Since forming the Jerusalem History Club in January 2011, Annette has spearheaded the installation of eight history signs in the Town of Jerusalem. These signs have created a virtual history trail as an attraction for visitors and residents to follow.
“This public service was done at no additional expense to our town,” says Maroscher, “and yet it has enhanced our community in being a subtle attraction for exploration, and at the same time teaching the history and arousing interest of this wonderful place.”
These signs are:
• Three N.Y.S. Blue and Gold Markers, including “Trolley Depot” placed at the Branchport Library, “John Beddoe” placed at the Rte. 54A overlook, and “Toll Plank Road” placed near Seneca Farms on Rte. 54A in Indian Pines. The wording of the signs was approved by the Town of Jerusalem historians, Bob Evans and Ellen Chirco. The signs were provided by the William G. Pomeroy Marker Foundation with grants from 2014 to 2018.
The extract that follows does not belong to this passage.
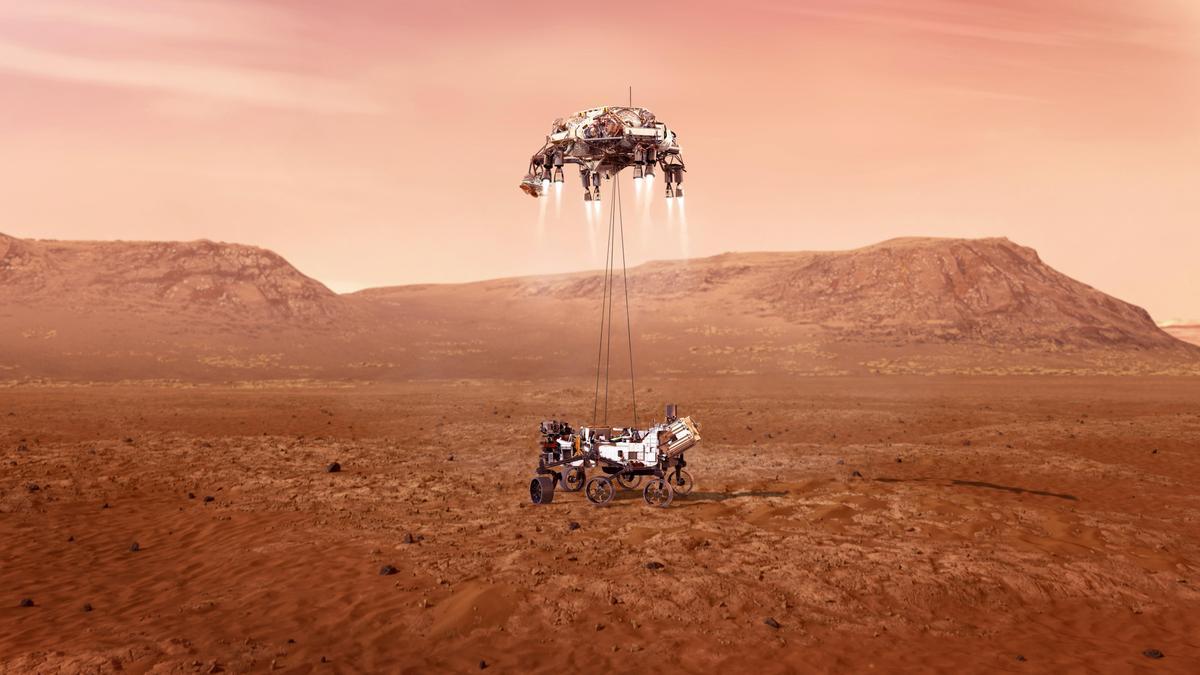 Ilustración del aterrizaje del robot Rover Perseverance en la superficie de Marte.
• The Beddoe-Rose Cemetery National Historic Site Marker was provided by the William G. Pomeroy Foundation to the Keuka Lake State Park. This marker is located on West Bluff Dr. at the beginning to the White Trail which leads to the Beddoe Rose Cemetery. At the cemetery site, N.Y.S. Parks, under the direction of Manager Jim Zimpher, made a wooden sign with the name Beddoe Rose Cemetery. Annette and her husband, Keith Toaspern, added a trail box containing information and a trail sign-in and note book, three of which have been filled by thousands of visitors since 2011.
• Two graphic design signs on the area’s history and geology. Toaspern formed a committee with members of the Jerusalem History Club including Kent and Anne Salisbury, Chris Trombley, Martha Johnstone, and Tom Close. Help came from Bob Gillespie and others for expert knowledge in history and geology, and Kent Salisbury applied his expertise in graphic design. Many of these people are also members of the Bluff Point Association (BPA) which paid for the project. The signs and two miles of Rte. 54A are also maintained with the help of Annette who has led the BPA Road Pick Up Program for several years.
“These signs have been a huge success for tourists and locals, and it is often mentioned how many people visiting Jerusalem have stopped to read the sign,” says Maroscher.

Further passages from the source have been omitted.